Over the period from July 2021, total levies are up 200 per cent to $24.1 million from Treasury’s estimate of $8.1 million.

This jump, according to CSLR chief executive David Berry, highlights an important factor in the debate over administration costs – “since then, Dixon happened”.

“It's not a little playing field to compare it to,” Berry told ifa.

“When you look at the $6.4 million, there's a couple of things that contribute to that. A lot of it is we're starting something from scratch, and because we're starting from scratch, there's a lot of one-off type expenses that come with the start-up of any organisation that certainly features in there.

“The other is, we took an approach of quality is more important here, and so we've got to make sure we've got it right. We have taken our time that we have made sure that our interpretation of legislation aligns with the actual legislation. So, a lot of those expenses in managing the organisation have played a big part in this levy period.”

He added that going forward, even with an increasing workload the CSLR expects administration costs to go down.

“Quality of process right up front usually means you go slower, and you make sure you invest in all the things which you need to,” Berry said.

“The evidence points for this will be in the future, but when you look at the forecast moving forward, it's going to be a lower absolute figure, year on year, and it's going to be three times the amount of claims we're planning to get through.

“I've come from a corporate background, and that corporate background requires me to do things faster and cheaper year on year.

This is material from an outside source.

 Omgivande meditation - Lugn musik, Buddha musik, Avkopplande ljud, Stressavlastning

So, we're dealing with the current situation, but that's not reflective of what is likely moving forward, we will continue to see improvements in cost and efficiency as we as we work through this.”

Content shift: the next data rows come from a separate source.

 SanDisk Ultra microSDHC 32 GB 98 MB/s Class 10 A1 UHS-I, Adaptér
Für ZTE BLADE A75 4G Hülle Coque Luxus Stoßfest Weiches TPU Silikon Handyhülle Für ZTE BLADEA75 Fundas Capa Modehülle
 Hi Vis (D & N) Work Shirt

The FSC, however, believes that among the contributing factors to the high administration costs are a duplication of functions between the CSLR and the Australian Financial Complaints Authority (AFCA, as well as “number of advocacy and marketing activities” that “stray beyond” its core responsibilities.

“Given the present strain on the CSLR operator’s budget stemming from the Dixon cohort and the high likelihood of a special levy being imposed, the FSC does not consider it appropriate for the CSLR operator to undertake activities beyond those which are strictly required for it to perform its statutory functions,” it said in its submission.

“If the CSLR operator continues to duplicate functions of AFCA, the FSC notes that under section 1060 of the Corporations Act it is possible for the entities to be merged, which might represent an alternative means of reducing the scheme’s administration costs.”

Accordingly, among the FSC’s recommendations to the inquiry was the government funding the administration costs.

“The FSC supports imposition of a limitation on the funds raised by annual and special levies to prevent them from being spent on the CSLR operator’s administrative costs,” it said.

“This would necessitate Government funding for the very modest annual expenditure that ought to be required to operate the CSLR, while earmarking funds collected from industry to be expended on victim compensation.”

Senator Andrew Bragg had previously raised concerns over the CSLR’s administration costs and a job ad for a communications partner during a Senate estimates hearing.

When Treasury officials were unable to provide clarity on these issues, he requested they take questions on notice about “why they’re spending so much money on administration and what this communications partner job is going to do”.